Is $c_0$ meagre in $l^\infty$?

Question

I have been reading up on the meagre sets sans an instructor after a 10 year break from this sort of mathematics and I would like to test my understanding. I want to know if the following is true (and if so, if anyone has a nice proof):

Is $c_0$ meagre in $l^\infty$ ? (where $c_0$ is the subset of $l^\infty$ where for $x_n$=the nth element of x, we have$lim_{n\to\infty} x_n=0$)

My approach is as follows (please correct me if I am wrong):

A space is meagre if it can be written as a countable union of nowhere dense sets. And a set is nowhere dense if it is closed and has no interior points.

So one needs to show that

1. $c_0$ is a subspace of $l^\infty$.

2. $c_0$ is closed in $l^\infty$.

3. The interior of $c_0$ is empty.

Then one could say that $c_0$ is nowhere dense and of course (?) it could be written as a countable union of nowhere dense sets (just itself?), so it is meagre.

For 1:

$c_0$ is non-empty as x=(1,0,0,0,...) is an element of $c_0$.

Let $x$ and $y$ be elements of $c_0$. This means $||x||_\infty=sup_n(|x_n|)<\infty$ and same for $y$. Then

$||x+y||_\infty=sup_n(|x_n+y_n|)=sup_n(|x_n|)+sup_n(|y_n|)<\infty$

and

$lim_{n\to\infty} (x_n+y_n)=lim_{n\to\infty} x_n+lim_{n\to\infty} y_n=0$

and

$||ax||_\infty=sup_n(|ax_n|)=|a|sup_n(|x_n|)<\infty$

and

$lim_{n\to\infty} (ax_n)=a lim_{n\to\infty} x_n=0$

so $x+y$ and $ax$ are elements of $c_0$. Thus, $c_0$ is subspace of $l^\infty$.

For 2:

Let $x^m$ be an element of $c_0$ and $x$ be an element of $l^\infty$.

$|x_n| \leq |x_n-(x^m)_n|+|(x^m)_n|$

$|x_n-(x^m)_n| \to 0$ (as $x \in l^\infty$) and $|(x^m)_n| \to 0$ (as $x^m \in c_0$)

so $|x_n| \to 0$ and then $x \in c_0$ and then $\overline c_0=c_0$ so $c_0$ is closed.

For 3:

HELP!!

Is my approach a workable approach? And/or is there a better one?

Answer 1

An idea how to tackle step 3: If a $x\in\mathring c_0$, then there is a ball of sufficiently small radius around $x$ that is still in $c_0$. So it is sufficient to show that for every $x\in c_0$ and every $\varepsilon>0$, there exists an element $a\in l^\infty$ such that $\|a-x\|_{l^\infty}<\varepsilon$ but $a\in l^\infty\setminus c_0$.

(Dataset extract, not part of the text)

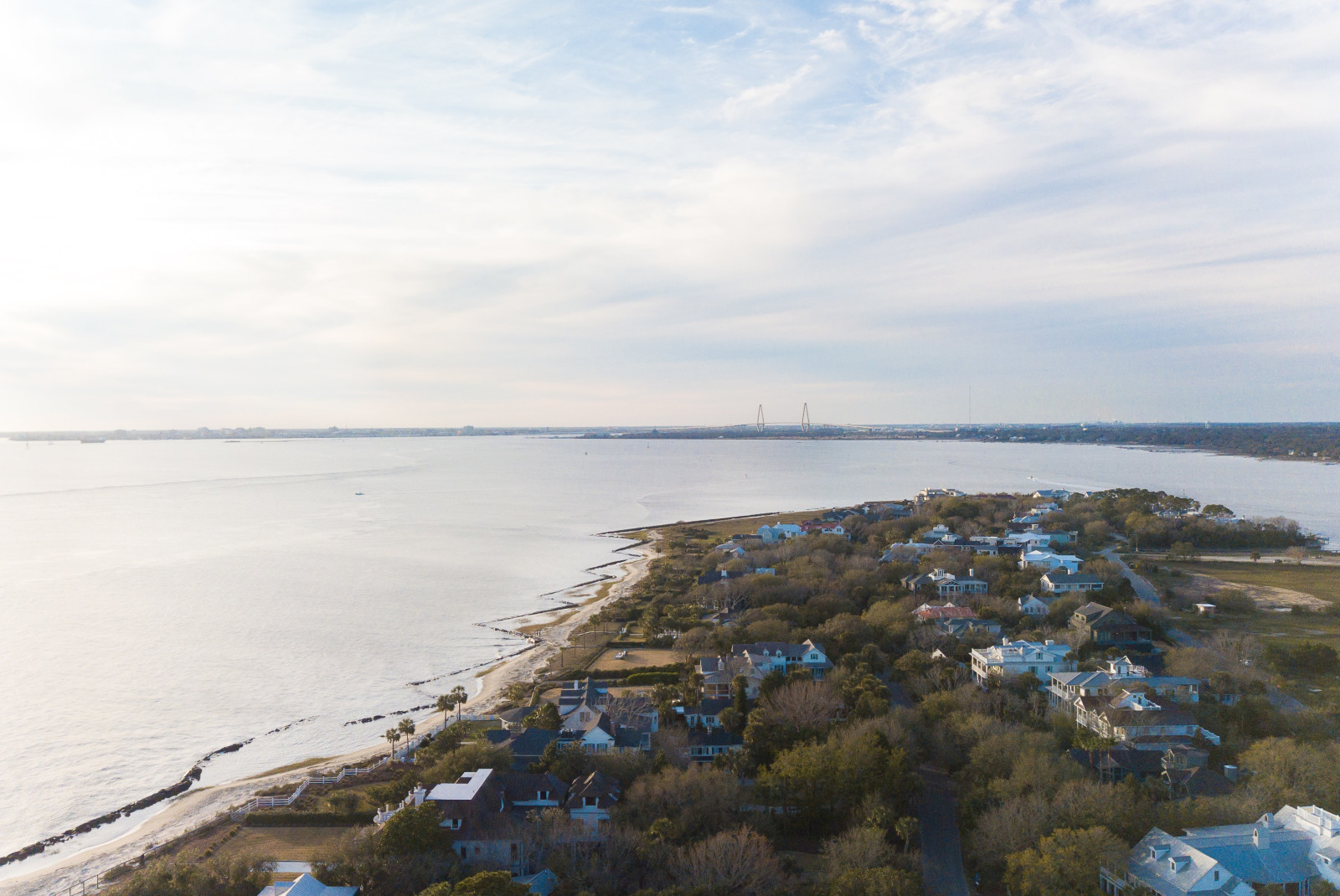 Aerial view of land with houses next to body of water during daytime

Proof: Let $x=(x_1,x_2,\ldots)\in c_0$ and $\varepsilon>0$ be fixed. There exists an index $N$ such that $|x_n|<\frac{\varepsilon}{2}$ for all $n\geqslant N$. Now set $$ a:=\left(x_1,\ldots,x_N,\frac{\varepsilon}{2},\frac{\varepsilon}{2},\ldots\right). $$ Clearly, $a\in l^\infty\setminus c_0$ and $\|a-x\|_{l^\infty}<\varepsilon$.

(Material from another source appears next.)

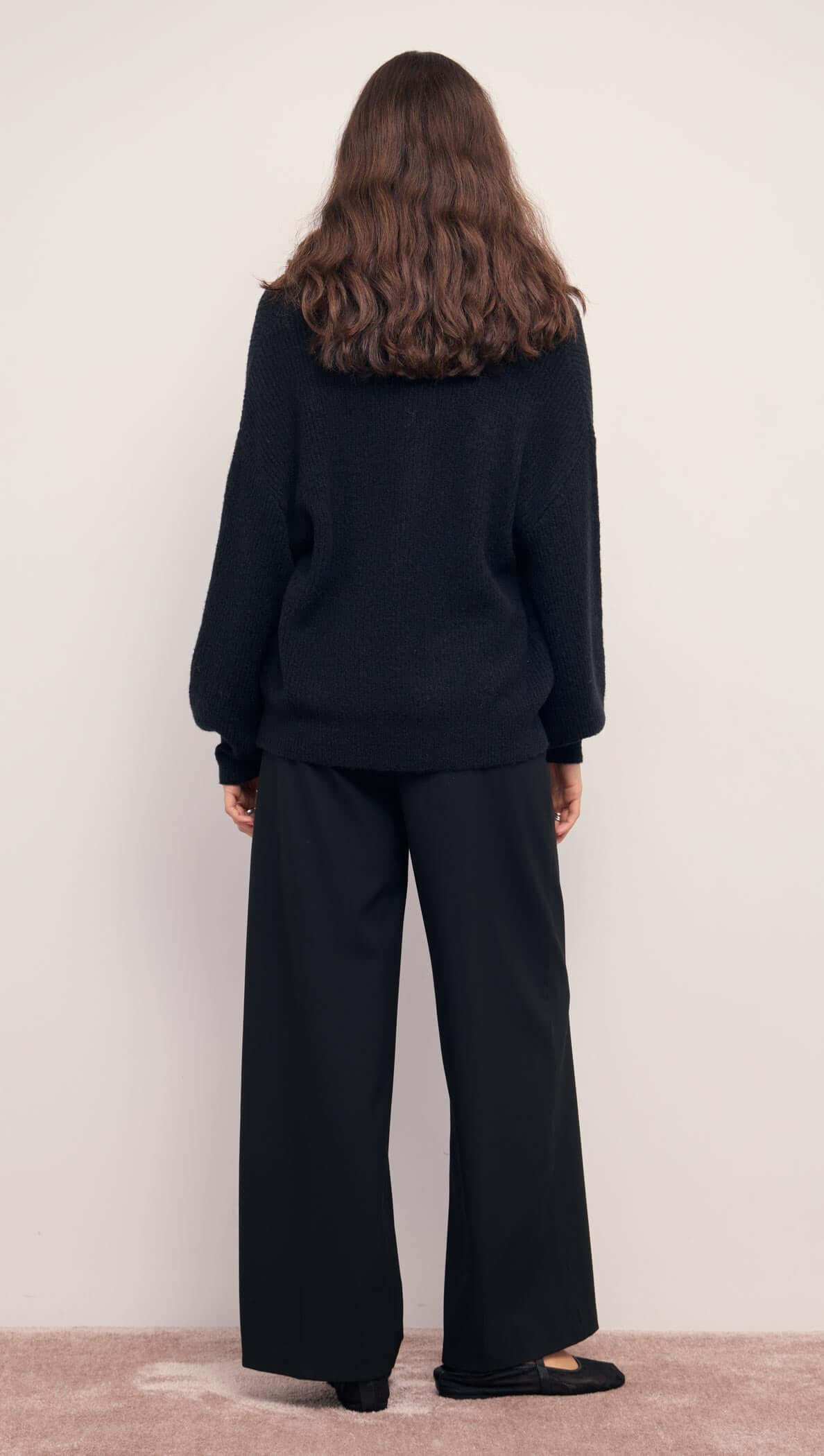 Back view of a model wearing a Relaxed Open Black Cardigan With Gold Closure paired with wide-leg black pants.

EDIT: daws answer is somewhat cleaner than mine (but the idea is the same).

Answer 2

For 3: The idea is to perturb an element $x\in c_0$ in such a way that the perturbed element is not in $c_0$ anymore, i.e. its limit does not exist or is non-zero.

Take $x \in c_0$. Take the constant sequence $e=(1,1,\dots)\in l^\infty$. Now let $\delta>0$. Then $$ x + \delta e \not\in c_0, $$ since $\lim_{n\to\infty}(x_n + \delta e_n)=\delta\ne 0$. Moreover, $$ \|x-(x+\delta e) \|_\infty= \|\delta e \|_\infty=\delta, $$ which implies that in every open ball around $x$ there is another element $x+\delta e$ such that $x+\delta e\not\in c_0$. Hence $c_0$ has no interior point.